__WORK ORDER__: Write out every line below again exactly as it stands, skipping each image.

__STORED DATA__:

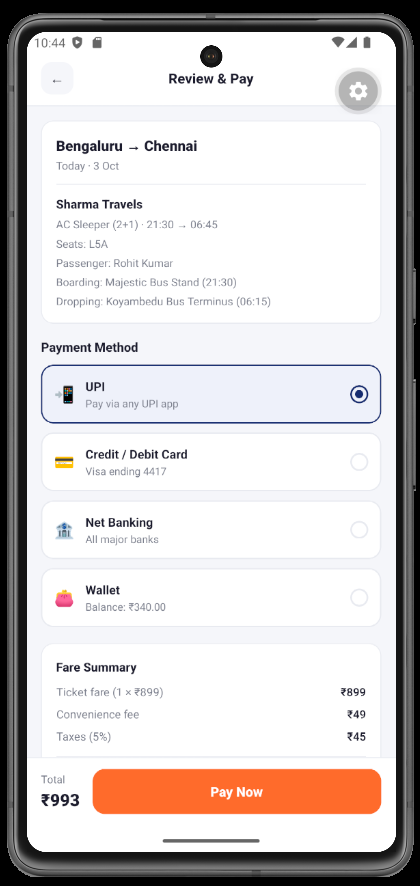 React Native Bus Booking App UI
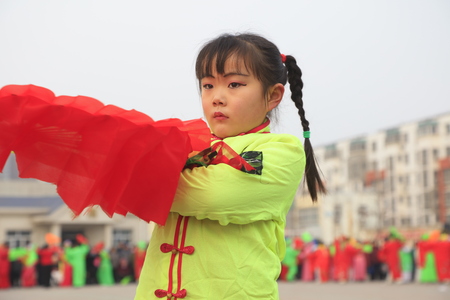 Luannan County - February 7, 2017: Chinese folk Yangko performance, Luannan County, Hebei Province, Chinaのeditorial素材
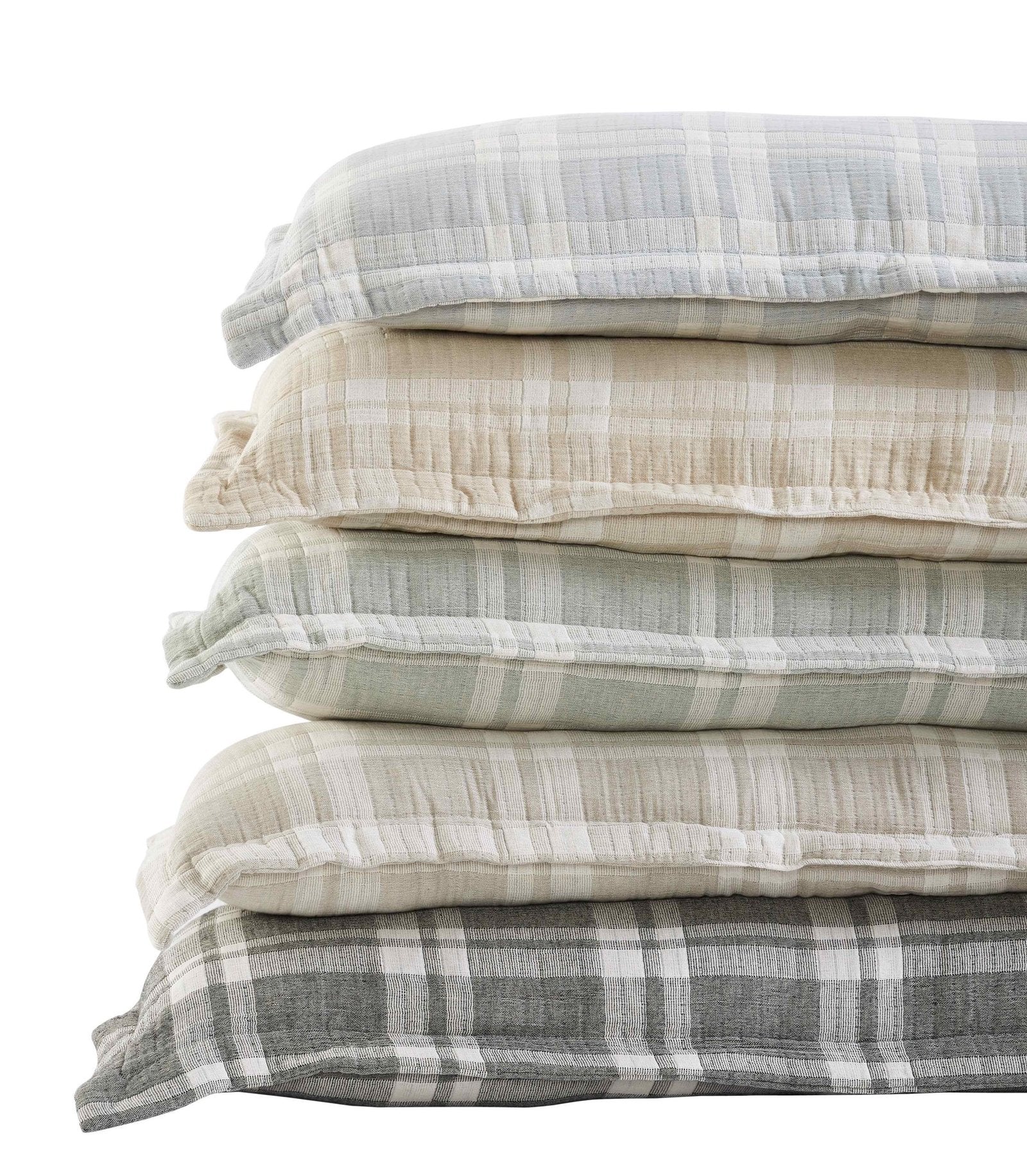 TP-117-1640_2|Stack of assorted plaid decorative pillows, showcasing various soft hues for a cozy and inviting bedroom aesthetic.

__RESPONSE BOX__:
 React Native Bus Booking App UI
 Luannan County - February 7, 2017: Chinese folk Yangko performance, Luannan County, Hebei Province, Chinaのeditorial素材
 TP-117-1640_2|Stack of assorted plaid decorative pillows, showcasing various soft hues for a cozy and inviting bedroom aesthetic.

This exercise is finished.